A Rússia consegue de fato influenciar os países africanos?
A propaganda russa consegue, sim, atingir alguns países africanos, mas nem todos. De acordo com um levantamento do Centro Africano de Estudos Estratégicos, a influência da Rússia é maior na República Centro-Africana (RCA), no Mali, no Sudão e no Zimbábue — justamente países onde o Grupo Wagner atua.
Segundo Mark Duerksen, a RCA está no topo da lista quando se trata de influência russa, especialmente na forma de treinadores militares que atuam como conselheiros do presidente.
A popularidade da Rússia também remonta aos tempos soviéticos e ao fato de não estar entre as potências coloniais durante a era da colonização.

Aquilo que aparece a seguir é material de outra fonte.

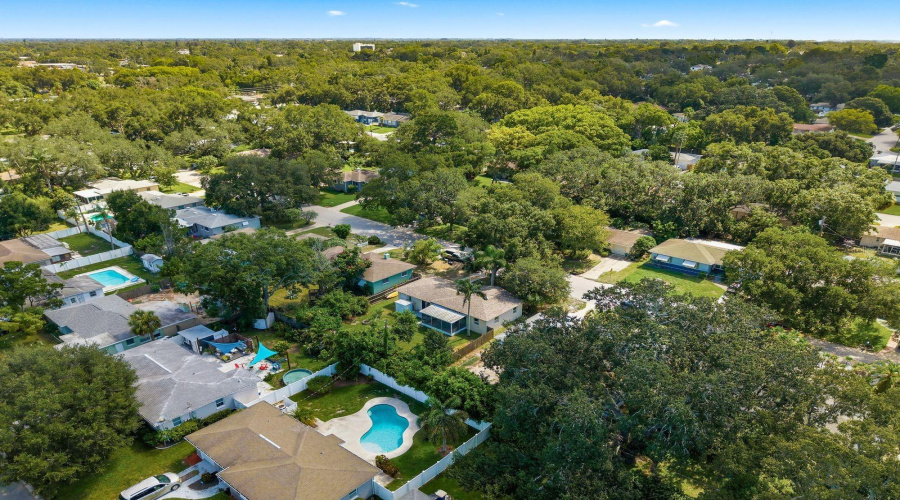 Clearwater, Florida 33756, 2 Bedroom Bedrooms, ,1 Bathroombathrooms,Residential,For Sale,Evergreen,0,Mfrtb8537626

Isso lhe dá uma clara vantagem, até porque muitos países africanos contaram com o apoio do Kremlin quando lutavam pela independência no século 20.
Ainda assim, muitos cidadãos africanos estão divididos quando se trata da guerra na Ucrânia. Uma pesquisa realizada em junho na África do Sul, Quênia, Nigéria, Senegal, Uganda e Zâmbia mostra que a maioria acha que a invasão russa da Ucrânia foi contra os princípios do direito internacional.
Embora a Rússia não seja o único país ou região tentando influenciar a África, Justin Arenstein, da Code for Africa, vê a liderança russa como uma grande ameaça para os africanos: "Ela mina as sociedades abertas. Ela mina a capacidade dos cidadãos de fazer suas próprias escolhas," avalia.